- Location: Waldo County, Maine
- Coordinates: 44°21′30″N 69°25′54″W﻿ / ﻿44.35833°N 69.43167°W
- Type: reservoir
- Primary inflows: Sheepscot River
- Primary outflows: Sheepscot River
- Basin countries: United States
- Max. length: 3 mi (4.8 km)
- Max. width: 1.4 mi (2.3 km)
- Surface area: 1,215 acres (492 ha; 1.898 sq mi) (or 1,193 acres)
- Average depth: 42 ft (13 m)
- Max. depth: 150 ft (46 m)
- Surface elevation: 284 ft (87 m)

= Sheepscot Pond =

Sheepscot Pond (also called Sheepscot Lake) is the third-largest lake in Waldo County, Maine. It is in the township of Palermo, on the western edge of Waldo County.
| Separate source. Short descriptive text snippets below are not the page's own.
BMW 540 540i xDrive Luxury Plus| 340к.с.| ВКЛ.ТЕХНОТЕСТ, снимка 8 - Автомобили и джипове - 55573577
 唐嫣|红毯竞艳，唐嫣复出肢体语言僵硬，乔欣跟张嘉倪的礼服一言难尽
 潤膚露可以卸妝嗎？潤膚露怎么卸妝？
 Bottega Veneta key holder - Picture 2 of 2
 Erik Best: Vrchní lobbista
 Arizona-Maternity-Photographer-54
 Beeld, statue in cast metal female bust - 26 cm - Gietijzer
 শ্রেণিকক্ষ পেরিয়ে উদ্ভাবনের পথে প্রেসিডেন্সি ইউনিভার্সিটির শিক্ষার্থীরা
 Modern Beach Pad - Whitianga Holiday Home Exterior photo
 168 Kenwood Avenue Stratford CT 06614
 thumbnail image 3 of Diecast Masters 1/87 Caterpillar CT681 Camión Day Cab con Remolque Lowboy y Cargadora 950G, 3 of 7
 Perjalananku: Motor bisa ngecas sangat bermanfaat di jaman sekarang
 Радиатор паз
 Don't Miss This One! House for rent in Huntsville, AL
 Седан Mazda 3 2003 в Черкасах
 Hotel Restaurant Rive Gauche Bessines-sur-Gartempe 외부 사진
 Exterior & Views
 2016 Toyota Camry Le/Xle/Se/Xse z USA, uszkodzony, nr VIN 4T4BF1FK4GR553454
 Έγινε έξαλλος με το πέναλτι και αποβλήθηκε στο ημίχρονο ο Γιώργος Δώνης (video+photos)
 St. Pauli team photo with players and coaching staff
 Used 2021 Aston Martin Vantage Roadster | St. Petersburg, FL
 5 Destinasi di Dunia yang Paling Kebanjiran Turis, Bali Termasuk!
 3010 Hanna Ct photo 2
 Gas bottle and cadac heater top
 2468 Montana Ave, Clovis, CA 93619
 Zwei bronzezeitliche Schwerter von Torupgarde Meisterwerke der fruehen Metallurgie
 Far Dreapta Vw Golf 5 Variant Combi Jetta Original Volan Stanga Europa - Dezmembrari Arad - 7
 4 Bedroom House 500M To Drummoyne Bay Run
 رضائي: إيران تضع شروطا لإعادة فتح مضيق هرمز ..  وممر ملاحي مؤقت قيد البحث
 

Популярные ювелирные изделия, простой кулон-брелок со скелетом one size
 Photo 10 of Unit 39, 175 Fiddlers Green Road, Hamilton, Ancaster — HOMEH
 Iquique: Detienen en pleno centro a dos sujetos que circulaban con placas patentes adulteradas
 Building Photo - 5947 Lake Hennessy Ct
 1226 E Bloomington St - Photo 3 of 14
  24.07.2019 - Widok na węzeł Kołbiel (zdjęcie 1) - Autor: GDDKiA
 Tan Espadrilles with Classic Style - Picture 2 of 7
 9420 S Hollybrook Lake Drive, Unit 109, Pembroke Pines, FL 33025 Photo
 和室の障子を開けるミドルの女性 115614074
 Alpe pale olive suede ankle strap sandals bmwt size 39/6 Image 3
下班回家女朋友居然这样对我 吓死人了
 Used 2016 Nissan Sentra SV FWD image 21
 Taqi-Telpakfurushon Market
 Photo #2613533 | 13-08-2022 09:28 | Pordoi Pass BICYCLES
The lake has a maximum depth of 150 feet with well-oxygenated water. It contains more than 20 species of fish, and has historically been stocked with salmon, lake trout, and brook trout. Attempts have been made to limit the lamprey eel population by closing the Alaskan Steep-Pass fishway to anadromous fish during their spawning migrations.

The Maine Department of Environmental Protection has rated the water quality of Sheepscot Pond as average, with total phosphorus concentrations of 5-10 parts per billion, and no significant positive or negative trend in Secchi disk transparencies.

The lake provides water for the Palermo Fish Cultural Station.